Нам становится не по себе, когда мы замечаем у Павла все еще, даже из самых суровых застенков пробивающийся соблазн стать на место Христа, но дикая мысль о том, чтобы Платон отодвинул Сократа на второй план и сделал центральной свою собственную персону, и вовсе не может прийти нам в голову; и все же здесь для нас открывается редкая возможность увидеть, что ученик превосходит учителя по всем человеческим дарованиям, хотя и не по божественному уделу. Однако более высокий дар — способность охватить весь мир, сопрячь человека с космосом и основать новое царство — заставляет ученика не только возвысить и героизировать образ учителя, но и изменить его так, чтобы он, ограниченный только своими силами, никогда не смог установить господство собственного гештальта во всех областях царства. В главе о Сократе мы уже обсудили, как личный демон превращается в божество человеческой общности, указывающей индивидууму его место в космосе, причем превращение это основывается на расширении только человеческого эйдоса до космической идеи и вызвано становлением нового царства, — и собираемся теперь, двигаясь в направлении от «Пира» к «Федру», мысленно проследить за тем, как Сократ из незнакомца, прогуливающегося среди цветов и холмов, превращается в певца божественного Пана. Если бы Сократ сам пропел гимн Диотимы, речь в «Федре» шла бы только о продолжении пути, а не о превращении, поскольку же исполнение гимнов признается непривычным для него и отводится устам Диотимы, то в «Федре» появляется еще один, более высокий слой. Прелюдия в пригороде, в интимном разговоре обещающая открыть более глубокие тайны, чем то допускала опьяневшая компания в «Пире», своим смысловым развертыванием, как и в большинстве диалогов Платона, намечает не только настроение, но и содержание всей беседы, заключает в виде ростка все, что будет сказано и помыслено, в несказуемом образном жесте и лишь постепенно, но всегда соблюдая пластическую завершенность, переводит смысл в ясное слово. Непривычно и примечательно уже одно то, что Сократа застают за пределами городских стен, и хотя поначалу эта странность остается без внимания, позднее на нее как раз ложится сильный акцент:
— Из нашего города ты не только не ездишь в чужие страны, но, кажется мне, не выходишь даже за городскую стену.
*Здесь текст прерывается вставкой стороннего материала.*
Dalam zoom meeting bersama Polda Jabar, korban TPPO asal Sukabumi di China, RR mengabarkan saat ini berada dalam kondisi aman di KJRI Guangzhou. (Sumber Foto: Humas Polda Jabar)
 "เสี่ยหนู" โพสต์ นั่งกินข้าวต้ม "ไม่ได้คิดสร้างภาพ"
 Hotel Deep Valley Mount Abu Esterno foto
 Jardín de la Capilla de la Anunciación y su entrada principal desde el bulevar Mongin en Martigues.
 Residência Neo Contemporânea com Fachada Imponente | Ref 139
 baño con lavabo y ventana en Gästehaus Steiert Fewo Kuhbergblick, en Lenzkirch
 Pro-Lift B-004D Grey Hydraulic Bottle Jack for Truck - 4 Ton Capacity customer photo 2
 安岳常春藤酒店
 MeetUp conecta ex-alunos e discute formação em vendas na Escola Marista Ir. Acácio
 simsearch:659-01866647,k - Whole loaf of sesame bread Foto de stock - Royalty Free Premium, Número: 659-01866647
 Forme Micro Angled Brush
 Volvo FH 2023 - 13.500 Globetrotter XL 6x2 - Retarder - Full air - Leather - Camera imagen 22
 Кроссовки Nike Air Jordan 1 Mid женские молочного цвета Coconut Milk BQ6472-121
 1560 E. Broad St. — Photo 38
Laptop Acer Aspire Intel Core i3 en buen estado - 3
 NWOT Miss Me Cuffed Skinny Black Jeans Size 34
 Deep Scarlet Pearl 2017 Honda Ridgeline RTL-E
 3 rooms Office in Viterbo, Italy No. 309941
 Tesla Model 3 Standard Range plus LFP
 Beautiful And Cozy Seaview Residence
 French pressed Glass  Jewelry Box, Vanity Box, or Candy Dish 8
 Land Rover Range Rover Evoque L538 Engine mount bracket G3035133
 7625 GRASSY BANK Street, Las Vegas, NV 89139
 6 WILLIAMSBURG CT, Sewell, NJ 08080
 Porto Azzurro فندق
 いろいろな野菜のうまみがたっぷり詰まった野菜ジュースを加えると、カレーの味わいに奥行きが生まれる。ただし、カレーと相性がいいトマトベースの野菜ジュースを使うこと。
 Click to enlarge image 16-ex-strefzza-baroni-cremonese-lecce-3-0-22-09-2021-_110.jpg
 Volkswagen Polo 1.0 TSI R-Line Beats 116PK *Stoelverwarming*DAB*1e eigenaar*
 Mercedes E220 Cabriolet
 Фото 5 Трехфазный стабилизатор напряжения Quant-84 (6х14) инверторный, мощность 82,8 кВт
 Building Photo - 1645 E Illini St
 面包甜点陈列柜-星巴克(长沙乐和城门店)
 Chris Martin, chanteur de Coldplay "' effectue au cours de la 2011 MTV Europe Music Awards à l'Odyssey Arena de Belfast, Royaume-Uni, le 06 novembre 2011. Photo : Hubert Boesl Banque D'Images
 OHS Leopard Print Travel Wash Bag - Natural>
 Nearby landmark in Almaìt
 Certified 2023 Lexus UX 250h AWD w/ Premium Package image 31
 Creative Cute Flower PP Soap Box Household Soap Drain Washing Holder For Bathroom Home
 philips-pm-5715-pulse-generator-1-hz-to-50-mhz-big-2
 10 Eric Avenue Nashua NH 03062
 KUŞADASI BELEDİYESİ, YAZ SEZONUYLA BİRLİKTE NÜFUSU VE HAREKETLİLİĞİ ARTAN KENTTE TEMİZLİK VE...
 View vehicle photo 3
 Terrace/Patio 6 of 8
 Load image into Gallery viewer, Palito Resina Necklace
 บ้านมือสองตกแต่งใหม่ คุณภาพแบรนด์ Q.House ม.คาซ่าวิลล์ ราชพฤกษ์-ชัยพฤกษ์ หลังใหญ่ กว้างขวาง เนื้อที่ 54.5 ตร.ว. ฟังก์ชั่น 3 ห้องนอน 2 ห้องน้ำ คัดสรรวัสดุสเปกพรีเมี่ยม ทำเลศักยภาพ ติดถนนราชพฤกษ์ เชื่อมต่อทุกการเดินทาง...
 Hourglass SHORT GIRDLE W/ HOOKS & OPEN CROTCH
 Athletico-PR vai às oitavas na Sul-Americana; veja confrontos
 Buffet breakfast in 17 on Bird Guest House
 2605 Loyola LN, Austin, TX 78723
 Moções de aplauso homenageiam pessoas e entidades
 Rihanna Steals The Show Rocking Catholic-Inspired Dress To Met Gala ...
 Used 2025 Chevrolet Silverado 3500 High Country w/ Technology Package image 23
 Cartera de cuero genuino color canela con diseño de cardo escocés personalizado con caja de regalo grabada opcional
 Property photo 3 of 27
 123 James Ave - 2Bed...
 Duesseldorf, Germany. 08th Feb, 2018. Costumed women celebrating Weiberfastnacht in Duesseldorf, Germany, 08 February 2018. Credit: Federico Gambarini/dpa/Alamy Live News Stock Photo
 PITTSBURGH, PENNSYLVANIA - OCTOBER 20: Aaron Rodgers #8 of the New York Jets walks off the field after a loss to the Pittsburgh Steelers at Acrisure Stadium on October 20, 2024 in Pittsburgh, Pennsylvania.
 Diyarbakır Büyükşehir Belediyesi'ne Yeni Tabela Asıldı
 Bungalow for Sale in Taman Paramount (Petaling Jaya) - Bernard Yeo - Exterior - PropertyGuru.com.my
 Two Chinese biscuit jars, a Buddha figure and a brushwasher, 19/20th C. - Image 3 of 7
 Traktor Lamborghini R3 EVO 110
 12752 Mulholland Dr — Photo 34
— Пойми, добрый мой друг, я ведь любознателен, а местности и деревья ничему не хотят меня научить, не то что люди в городе.[246]
И все же Сократ позволяет Федру, самому юному и самому восторженному своему другу, уводить себя все дальше и дальше от города, босою ногой он ступает в холодную родниковую воду, чтобы расположить к себе нимф и бога ветра, услышать пение цикад и дриад, пока под благодатной сенью ветвистого платана круг проснувшейся природы не согреет вновь от всего отрешившееся в поисках человека сердце, пока из забытья не прорвутся изначальные слова красоты. Не случайно его юный спутник удивляется:
А ты, поразительный человек, до чего же ты странен! Ты говоришь, словно какой-то чужеземец, нуждающийся в проводнике, а не местный житель.[247]
Перемена места действия неприметно ведет и к перемене в душе Сократа, пока до наших ушей не доходит чудесное преображение, заключающееся в том, что тот, кто всегда говорил о ремесленниках и обо всяких низменных занятиях, сам преисполняется восторгом, сам исповедует то, что еще в «Пире» выдавал за поучения Дио-тимы, сам начинает изъясняться на языке любви. Этот религиозный пыл порождается уже не трезвым рассуждением, а чувственной манией посреди торжествующей природы и в окружении пробудившихся богов. И поскольку это решающее превращение выражается у Сократа в телесном жесте, поскольку оно укоренено в его плоти, оно в то же время свидетельствует и об изменении мифического гештальта: затем Платон и вывел своего учителя за городские врата, затем и привел его к алтарю под тенистым платаном — чтобы он увидел пробуждающегося Пана, чтобы тот возвратил его к космической основе и после речей о темном происхождении и о светлых делах эроса этот гимн, эта молитва снова дошли до Пана, господина вновь обретенной всеобъемлющей природы.